## Exercise requirements
For every line in the material, set down an identical one.

## Records for the task
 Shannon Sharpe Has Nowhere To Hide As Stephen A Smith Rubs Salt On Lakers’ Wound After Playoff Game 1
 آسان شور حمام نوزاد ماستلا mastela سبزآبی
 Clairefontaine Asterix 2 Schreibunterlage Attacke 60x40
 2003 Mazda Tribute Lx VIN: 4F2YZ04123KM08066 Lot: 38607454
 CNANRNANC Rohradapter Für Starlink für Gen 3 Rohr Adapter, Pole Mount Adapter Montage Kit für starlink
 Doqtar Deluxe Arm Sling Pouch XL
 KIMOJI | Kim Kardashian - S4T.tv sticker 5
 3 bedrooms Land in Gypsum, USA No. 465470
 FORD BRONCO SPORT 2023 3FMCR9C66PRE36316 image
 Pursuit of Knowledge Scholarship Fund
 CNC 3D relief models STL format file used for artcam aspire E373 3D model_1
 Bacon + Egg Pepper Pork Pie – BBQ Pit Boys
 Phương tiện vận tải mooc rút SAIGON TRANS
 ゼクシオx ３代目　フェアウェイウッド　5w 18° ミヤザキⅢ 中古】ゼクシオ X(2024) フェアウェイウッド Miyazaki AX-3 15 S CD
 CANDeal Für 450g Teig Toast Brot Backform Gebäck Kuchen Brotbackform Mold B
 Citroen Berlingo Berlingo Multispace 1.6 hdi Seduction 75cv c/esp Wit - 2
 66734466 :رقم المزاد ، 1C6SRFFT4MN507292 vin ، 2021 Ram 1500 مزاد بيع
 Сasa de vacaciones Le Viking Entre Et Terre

## Expected answer
 Shannon Sharpe Has Nowhere To Hide As Stephen A Smith Rubs Salt On Lakers’ Wound After Playoff Game 1
 آسان شور حمام نوزاد ماستلا mastela سبزآبی
 Clairefontaine Asterix 2 Schreibunterlage Attacke 60x40
 2003 Mazda Tribute Lx VIN: 4F2YZ04123KM08066 Lot: 38607454
 CNANRNANC Rohradapter Für Starlink für Gen 3 Rohr Adapter, Pole Mount Adapter Montage Kit für starlink
 Doqtar Deluxe Arm Sling Pouch XL
 KIMOJI | Kim Kardashian - S4T.tv sticker 5
 3 bedrooms Land in Gypsum, USA No. 465470
 FORD BRONCO SPORT 2023 3FMCR9C66PRE36316 image
 Pursuit of Knowledge Scholarship Fund
 CNC 3D relief models STL format file used for artcam aspire E373 3D model_1
 Bacon + Egg Pepper Pork Pie – BBQ Pit Boys
 Phương tiện vận tải mooc rút SAIGON TRANS
 ゼクシオx ３代目　フェアウェイウッド　5w 18° ミヤザキⅢ 中古】ゼクシオ X(2024) フェアウェイウッド Miyazaki AX-3 15 S CD
 CANDeal Für 450g Teig Toast Brot Backform Gebäck Kuchen Brotbackform Mold B
 Citroen Berlingo Berlingo Multispace 1.6 hdi Seduction 75cv c/esp Wit - 2
 66734466 :رقم المزاد ، 1C6SRFFT4MN507292 vin ، 2021 Ram 1500 مزاد بيع
 Сasa de vacaciones Le Viking Entre Et Terre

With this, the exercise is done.